I also got the brass mass weight set further down ( $19 ) to check calibration from time to time. ( albeit these are NOT "laboratory" reference standards... ) also like it uses plain old AAA batteries
( also checked some LD Carlson chems that I got via George for the fun of it and this scales reading were spot on with the labelled contents...


also found this ref:
http://www.digitalscale.com/TritonT2.htm


----------



## Scott (Feb 26, 2010)

Go to a sale at the police department, they usuallyhave them. Let them know which chemicals you are weighing


----------



## JimCook (Feb 26, 2010)

Richard,


I purchased an Ohaus pocket scale a two years ago and this little thing rocks. Here are some notes, but I can't confirm where I purchased the scale. The calibration weight was not inexpensive, but I did notice that the scale tends to stay calibrated very well. This little guy handles up to 250g, which works for virtually all of the additives I need to measure for six gallon batches. 

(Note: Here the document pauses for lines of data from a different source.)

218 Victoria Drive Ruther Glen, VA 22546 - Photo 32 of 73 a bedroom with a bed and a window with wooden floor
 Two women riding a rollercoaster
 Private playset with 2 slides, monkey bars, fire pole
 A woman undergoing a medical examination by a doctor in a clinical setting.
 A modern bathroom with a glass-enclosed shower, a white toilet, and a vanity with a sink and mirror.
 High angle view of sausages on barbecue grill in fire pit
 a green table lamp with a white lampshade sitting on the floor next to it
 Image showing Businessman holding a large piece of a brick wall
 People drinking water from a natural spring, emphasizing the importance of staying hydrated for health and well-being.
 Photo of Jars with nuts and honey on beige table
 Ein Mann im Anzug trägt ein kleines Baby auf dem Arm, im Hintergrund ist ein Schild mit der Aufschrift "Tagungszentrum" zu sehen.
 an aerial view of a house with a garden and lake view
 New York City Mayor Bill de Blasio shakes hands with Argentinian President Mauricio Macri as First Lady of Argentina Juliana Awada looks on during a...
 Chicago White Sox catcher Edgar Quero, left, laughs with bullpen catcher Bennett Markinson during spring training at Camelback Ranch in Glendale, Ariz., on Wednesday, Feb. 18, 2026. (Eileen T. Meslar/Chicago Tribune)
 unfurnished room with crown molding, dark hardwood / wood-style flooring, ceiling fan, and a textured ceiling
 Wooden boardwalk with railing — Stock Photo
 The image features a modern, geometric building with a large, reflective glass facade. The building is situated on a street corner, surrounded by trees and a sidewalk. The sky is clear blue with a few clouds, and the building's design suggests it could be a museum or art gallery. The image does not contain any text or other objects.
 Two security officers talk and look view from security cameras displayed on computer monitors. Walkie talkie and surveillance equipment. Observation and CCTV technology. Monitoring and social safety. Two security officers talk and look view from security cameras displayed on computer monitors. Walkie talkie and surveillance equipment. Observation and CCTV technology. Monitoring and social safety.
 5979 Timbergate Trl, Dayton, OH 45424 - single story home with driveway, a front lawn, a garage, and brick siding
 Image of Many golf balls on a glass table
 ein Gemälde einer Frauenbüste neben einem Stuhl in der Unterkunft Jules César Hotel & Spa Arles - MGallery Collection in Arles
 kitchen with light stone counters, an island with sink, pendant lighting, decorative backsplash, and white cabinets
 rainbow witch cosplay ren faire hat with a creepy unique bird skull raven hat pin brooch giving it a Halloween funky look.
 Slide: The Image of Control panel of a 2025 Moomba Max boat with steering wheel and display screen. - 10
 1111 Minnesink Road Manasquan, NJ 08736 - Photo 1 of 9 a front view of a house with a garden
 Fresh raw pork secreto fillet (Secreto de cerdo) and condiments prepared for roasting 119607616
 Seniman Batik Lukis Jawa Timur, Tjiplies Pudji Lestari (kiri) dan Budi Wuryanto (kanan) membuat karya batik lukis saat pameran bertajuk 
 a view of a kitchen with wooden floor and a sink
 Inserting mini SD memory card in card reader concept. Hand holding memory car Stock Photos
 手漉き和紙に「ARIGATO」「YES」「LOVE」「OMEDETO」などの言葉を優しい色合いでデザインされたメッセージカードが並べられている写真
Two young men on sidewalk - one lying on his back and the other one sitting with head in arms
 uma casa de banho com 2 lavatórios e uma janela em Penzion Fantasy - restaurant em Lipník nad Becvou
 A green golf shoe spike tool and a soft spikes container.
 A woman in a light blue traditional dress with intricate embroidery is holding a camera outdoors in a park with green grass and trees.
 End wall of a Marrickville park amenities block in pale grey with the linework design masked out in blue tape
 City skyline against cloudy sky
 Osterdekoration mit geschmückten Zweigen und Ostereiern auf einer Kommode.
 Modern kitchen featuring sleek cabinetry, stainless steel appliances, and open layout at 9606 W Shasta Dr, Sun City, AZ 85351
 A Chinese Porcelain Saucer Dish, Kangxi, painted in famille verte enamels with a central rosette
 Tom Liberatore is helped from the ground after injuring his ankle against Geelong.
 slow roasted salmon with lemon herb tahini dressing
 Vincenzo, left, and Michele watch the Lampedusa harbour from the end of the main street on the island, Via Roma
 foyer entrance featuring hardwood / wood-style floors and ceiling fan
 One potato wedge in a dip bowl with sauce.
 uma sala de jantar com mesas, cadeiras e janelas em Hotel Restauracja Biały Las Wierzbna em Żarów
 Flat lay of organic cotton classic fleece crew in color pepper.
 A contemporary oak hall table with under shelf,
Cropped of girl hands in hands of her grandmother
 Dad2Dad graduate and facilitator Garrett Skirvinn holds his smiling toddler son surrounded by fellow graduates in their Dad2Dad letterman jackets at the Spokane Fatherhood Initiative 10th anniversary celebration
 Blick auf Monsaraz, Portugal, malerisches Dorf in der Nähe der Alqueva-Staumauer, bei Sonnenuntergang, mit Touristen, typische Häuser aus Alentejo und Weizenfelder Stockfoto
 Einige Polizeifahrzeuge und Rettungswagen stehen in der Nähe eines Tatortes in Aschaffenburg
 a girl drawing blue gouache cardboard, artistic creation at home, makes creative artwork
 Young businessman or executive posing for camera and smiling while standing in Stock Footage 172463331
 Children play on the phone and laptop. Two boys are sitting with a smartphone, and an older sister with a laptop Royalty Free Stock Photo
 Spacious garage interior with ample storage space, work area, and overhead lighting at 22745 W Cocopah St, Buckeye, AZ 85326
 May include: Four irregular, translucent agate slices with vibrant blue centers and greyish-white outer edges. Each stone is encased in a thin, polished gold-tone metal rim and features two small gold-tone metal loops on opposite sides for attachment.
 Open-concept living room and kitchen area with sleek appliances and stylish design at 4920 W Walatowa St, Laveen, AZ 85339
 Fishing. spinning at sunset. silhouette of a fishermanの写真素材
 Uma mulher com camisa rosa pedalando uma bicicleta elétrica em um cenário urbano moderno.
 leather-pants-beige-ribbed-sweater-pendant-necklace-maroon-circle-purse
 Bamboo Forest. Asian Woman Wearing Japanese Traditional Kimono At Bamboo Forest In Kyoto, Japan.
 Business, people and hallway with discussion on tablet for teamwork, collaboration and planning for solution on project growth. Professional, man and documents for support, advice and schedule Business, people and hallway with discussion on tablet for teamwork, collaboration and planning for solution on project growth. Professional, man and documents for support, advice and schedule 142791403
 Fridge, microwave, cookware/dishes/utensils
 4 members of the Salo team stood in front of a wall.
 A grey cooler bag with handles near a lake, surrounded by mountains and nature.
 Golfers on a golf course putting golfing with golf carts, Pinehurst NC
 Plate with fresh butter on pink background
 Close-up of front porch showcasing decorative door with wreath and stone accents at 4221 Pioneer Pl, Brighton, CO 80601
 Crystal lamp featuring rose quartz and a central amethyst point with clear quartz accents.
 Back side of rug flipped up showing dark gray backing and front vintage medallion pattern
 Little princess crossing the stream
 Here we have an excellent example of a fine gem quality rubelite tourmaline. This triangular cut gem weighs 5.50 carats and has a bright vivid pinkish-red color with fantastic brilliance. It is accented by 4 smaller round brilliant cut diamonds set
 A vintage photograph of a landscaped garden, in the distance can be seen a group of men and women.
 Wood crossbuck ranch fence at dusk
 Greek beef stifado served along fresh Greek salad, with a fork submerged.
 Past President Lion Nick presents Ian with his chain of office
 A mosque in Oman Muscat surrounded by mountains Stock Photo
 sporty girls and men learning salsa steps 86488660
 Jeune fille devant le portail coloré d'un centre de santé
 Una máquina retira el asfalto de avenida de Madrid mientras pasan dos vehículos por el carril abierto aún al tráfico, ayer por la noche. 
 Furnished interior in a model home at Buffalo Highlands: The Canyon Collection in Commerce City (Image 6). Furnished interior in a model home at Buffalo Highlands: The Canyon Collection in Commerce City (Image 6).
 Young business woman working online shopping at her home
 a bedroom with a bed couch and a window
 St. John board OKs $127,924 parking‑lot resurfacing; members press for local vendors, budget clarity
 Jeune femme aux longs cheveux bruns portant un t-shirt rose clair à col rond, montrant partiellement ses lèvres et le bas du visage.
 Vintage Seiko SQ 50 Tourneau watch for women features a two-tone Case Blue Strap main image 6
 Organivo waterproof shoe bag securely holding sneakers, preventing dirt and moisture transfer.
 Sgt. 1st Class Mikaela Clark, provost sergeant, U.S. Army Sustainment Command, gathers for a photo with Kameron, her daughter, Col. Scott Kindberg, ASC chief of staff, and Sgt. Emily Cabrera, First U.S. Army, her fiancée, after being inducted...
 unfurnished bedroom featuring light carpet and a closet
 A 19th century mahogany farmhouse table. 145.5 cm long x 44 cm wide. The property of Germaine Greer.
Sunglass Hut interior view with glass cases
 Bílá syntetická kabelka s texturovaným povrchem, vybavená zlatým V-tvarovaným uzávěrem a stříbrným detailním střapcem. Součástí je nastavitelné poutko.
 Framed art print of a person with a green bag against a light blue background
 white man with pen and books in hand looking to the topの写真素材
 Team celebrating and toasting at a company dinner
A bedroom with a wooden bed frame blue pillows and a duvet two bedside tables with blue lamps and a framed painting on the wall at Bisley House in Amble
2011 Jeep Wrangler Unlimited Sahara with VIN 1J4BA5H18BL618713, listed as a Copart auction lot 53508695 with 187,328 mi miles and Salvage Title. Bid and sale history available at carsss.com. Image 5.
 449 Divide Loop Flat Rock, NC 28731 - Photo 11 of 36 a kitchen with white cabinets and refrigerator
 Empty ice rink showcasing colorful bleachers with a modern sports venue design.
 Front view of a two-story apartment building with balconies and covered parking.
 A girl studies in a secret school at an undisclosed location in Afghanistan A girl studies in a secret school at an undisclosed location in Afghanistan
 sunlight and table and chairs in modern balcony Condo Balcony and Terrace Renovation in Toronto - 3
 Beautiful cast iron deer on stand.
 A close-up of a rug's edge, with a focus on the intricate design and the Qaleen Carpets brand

When it comes to fruit wine or mead, I use a Salter kitchen scale, as it can handle up to 11 pounds or so. Both of these scales have performed to a stellar level and I've been very impressed. 


I also remember PeterZ mentioning at Winestock 2009 about using a gunpowder scale that measures in units called grains. He said that there was a very simple calculation to convert from grains to grams and it would give you a very high accuracy for measuring mass.


Depending on your budget, there are a wide variety of good tools available.


- Jim


----------



## robie (Feb 26, 2010)

Thanks for the input.


----------



## bruceberry (May 16, 2017)

JimCook said:


> Richard,
> 
> 
> I purchased an Ohaus pocket scale a two years ago and this little thing rocks. Here are some notes, but I can't confirm where I purchased the scale. The calibration weight was not inexpensive, but I did notice that the scale tends to stay calibrated very well. This little guy handles up to 250g, which works for virtually all of the additives I need to measure for six gallon batches.
> ...


Thanks for your information relating to the kitchen scale.


----------



## Johnd (May 16, 2017)

bruceberry said:


> Thanks for your information relating to the kitchen scale.



The post you responded to is over 7 years old, don't be surprised if you get no reply back. Glad you found what you were looking for!!


----------